Volume > Issue > A Catholic Looks at Conspiracy

A Catholic Looks at Conspiracy

DO LOOK UNDER THE ROCK

By Vincent A. Droddy | September 2004
Vincent A. Droddy has an M.S. in Computer Science, an M.A. in International Relations, and is currently working on an M.A. in Theology.

What is a Catholic to make of conspiracy theories? Should we join the ranks of “kooks” and “paranoids” and become conspiracy theorists?

I have no special knowledge of any particular conspiracies. I’ve never been part of an “inner circle” of anything. Still it is relatively easy to reason about conspiracies.

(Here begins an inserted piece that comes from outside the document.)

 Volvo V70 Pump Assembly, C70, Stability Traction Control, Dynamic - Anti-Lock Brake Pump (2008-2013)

Consider the following list of proposed conspiracies: a Stalinist conspiracy to starve the Ukraine into submission, a Nazi conspiracy to commit a Jewish Holocaust, an international Communist conspiracy, a military-industrial complex that acted as President Eisenhower suggested, a “vast right-wing conspiracy” aimed at “getting” the Clintons, a conspiracy of organized crime syndicates to provide alcohol illegally during Prohibition or to provide illegal drugs today. You would be hard-pressed to find a single person who claims that all these conspiracies were make-believe.

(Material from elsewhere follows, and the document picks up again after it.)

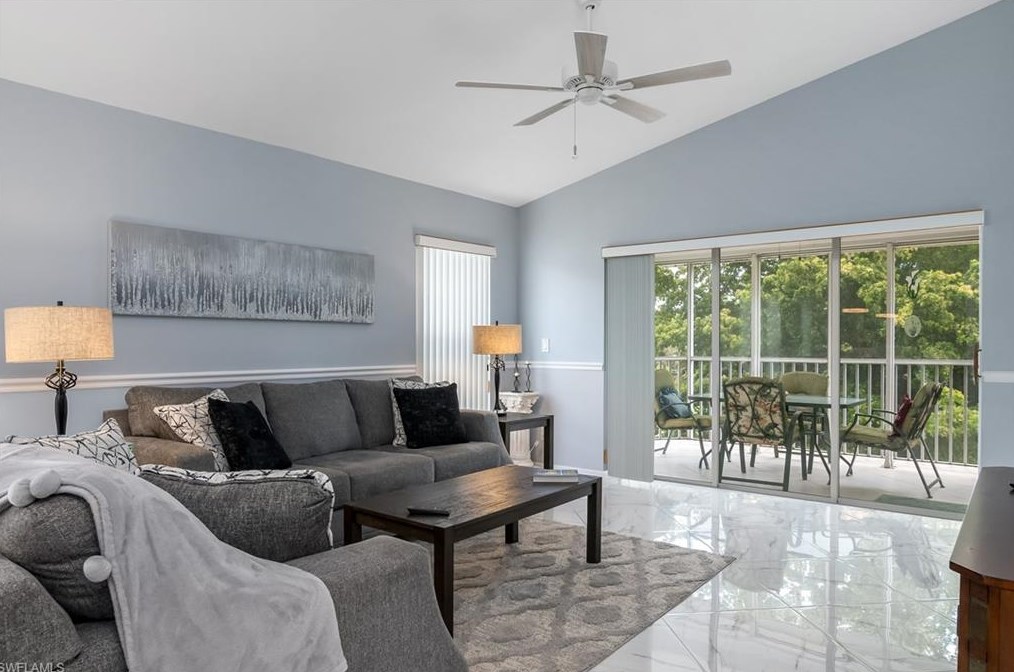 1012 Mainsail Dr, Naples, FL 34114-7818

In its Latin origin, the verb “to conspire” means simply “to breathe together.” Any group of people coming together in secret to plan for an objective are conspirators. Given our fallen, sinful nature, it is a fact of life that sinners will conspire together to commit sins. Our legal system makes conspiracy to commit a crime illegal. Common parlance includes many words indicating the existence of conspiracies: organized crime, smuggling rings, accomplices, spies, covert activities, assassination plots, insider trading, collusion, and so on. Intrigues and plots have been the engine of much of history.

Then there is the theory of “unconscious conspiracy.” Although fallen men naturally tend to act in their own self-interest and accumulate and abuse power and wealth when able, it is said that elites pursue their common interests without necessarily being organized or conspiring. But elites gather in the same social settings, attend the same schools, engage in the same recreational activities. The theory of “unconscious conspiracy” assumes that they, having all these things in common, rigorously avoid conspiring, when lesser, non-elite mortals would do so given the same opportunities. Charitable organizations often work together to promote their goals. It is ridiculous to presume that individuals hungry for wealth and power would stubbornly refuse to collaborate. It seems reasonable, therefore, to provisionally accept any conspiracy theory for which there is credible evidence.